The Classification Layer includes a Flatten operation and a fully connected layer. The input size is (4, 4, 64), and it is flattened into 4 × 4 × 64 neurons, which are then fully connected to 2 neurons. The Classification Layer has a total of 2050 parameters, calculated as 4 × 4 × 64 × 2 + 2, and the computational load is 4094, derived from 2 × (4 × 4 × 64 × 4 × 4 × 64 − 1).
As shown in
Table 2, which outlines the parameters and computational efforts for each layer, it is found that PANet possesses a total of 3,465,158 (3.46 M) parameters and requires computational efforts amounting to 1,081,742,242 (1081.7 M). Compared to contemporary networks of similar capabilities, PANet demonstrates an advantage in terms of both parameter efficiency and computational load. This reflects the optimization considerations we incorporated during the design phase of PANet, aimed at enhancing network efficiency and practicality.

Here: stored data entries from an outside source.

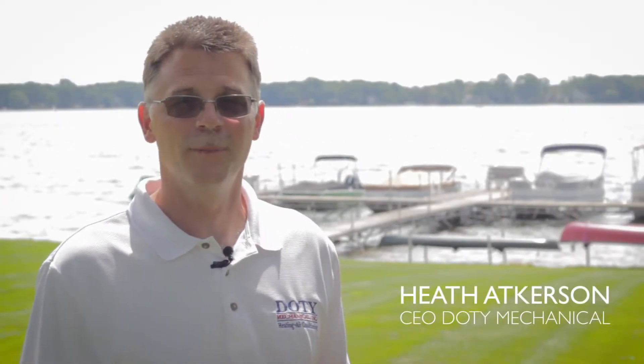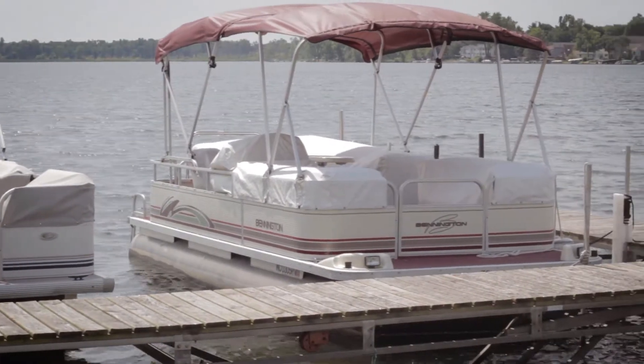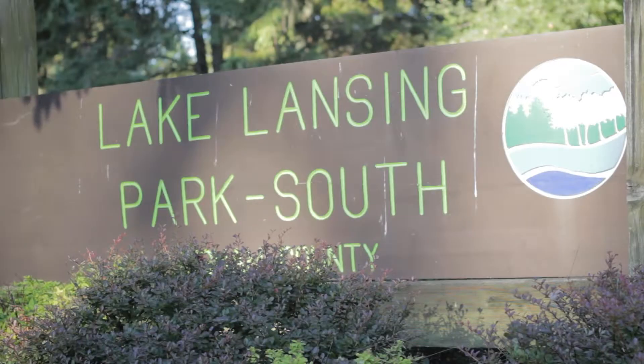Hi, I'm Heath Ackerson with Doty Mechanical. We're here in Haslett, Michigan, updating heating and air conditioning equipment in a condo located on beautiful Lake Lansing. What makes today's installation unique is we'll be converting from an upflow system to a downflow system to solve a variety of comfort, efficiency, and code-related issues.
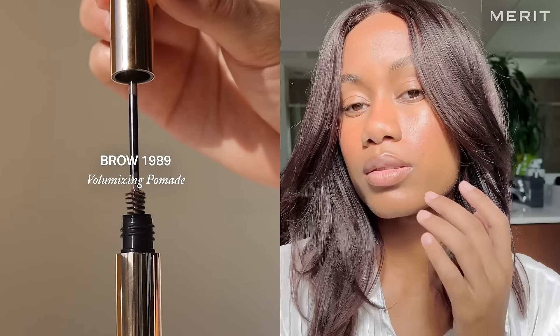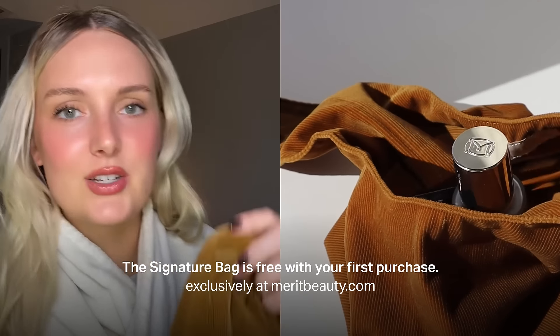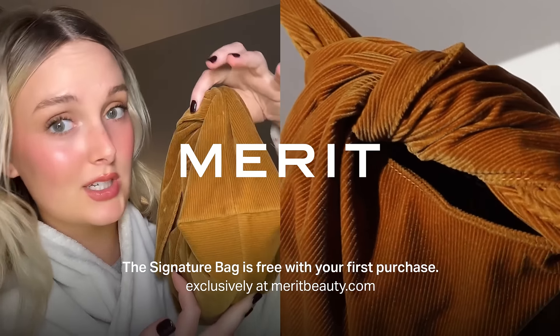I think I spent an hour on this, but really with Merit's products it only took me five minutes. If you haven't yet been convinced to get Merit Beauty products, you also get a free makeup bag with your first purchase. So cute!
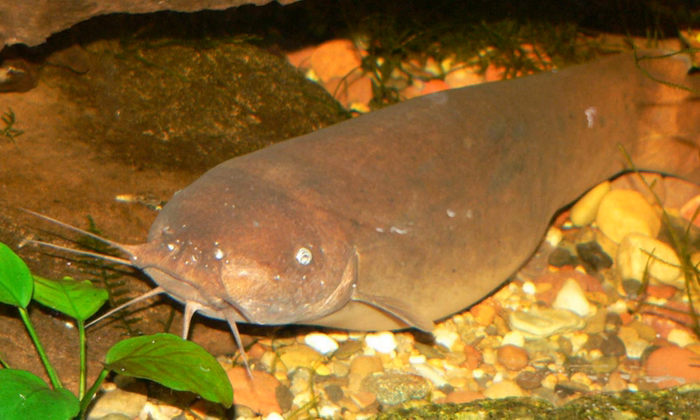Electric catfish are found in tropical Africa and the Nile River. They are usually nocturnal and carnivorous. Some species feed primarily on other fish, incapacitating their prey with electric discharges, but others are generalist bottom foragers, feeding on things like invertebrates, fish eggs, and detritus. The largest can grow to about 1.2 meters long, but most species are far smaller.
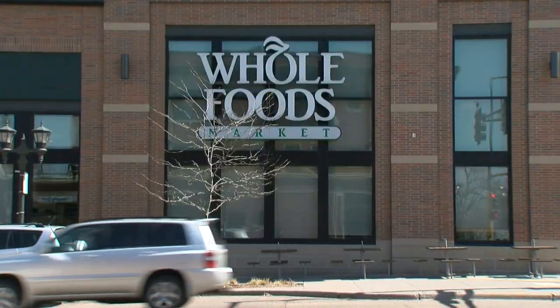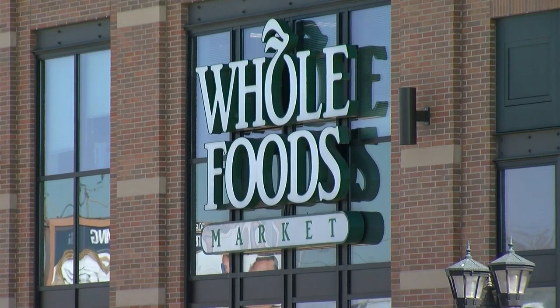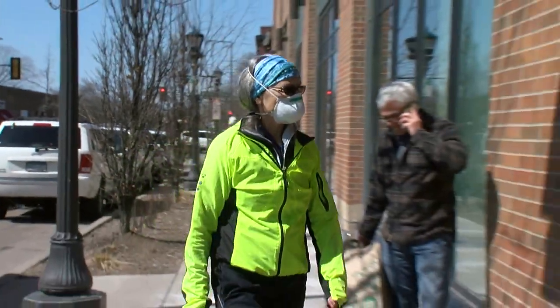Brad Johnson wore his face mask for the first time grocery shopping at the Whole Foods on Snelling Avenue in St. Paul. He noticed a lot of people were wearing masks inside and said the organic grocer is getting stricter on store capacity. Whole Foods is very good — they're counting people going in and only allow 60 people in the store.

Through the innovative integration of the PA module and the FusionGhost module, PANet not only achieves high accuracy in heart sound signal classification but also maintains a compact and efficient network architecture. These modules employ a refined attention mechanism and an effective feature fusion strategy, significantly reducing unnecessary computational overhead without compromising performance.
Moreover, the design of PANet takes into account the adaptability to diverse computational settings, including resource-constrained devices, ensuring its practical applicability across a wide range of scenarios [
38]. We believe that these attributes position PANet as a valuable tool in the field of heart sound signal processing, particularly for medical and healthcare applications requiring efficient and accurate heart sound classification.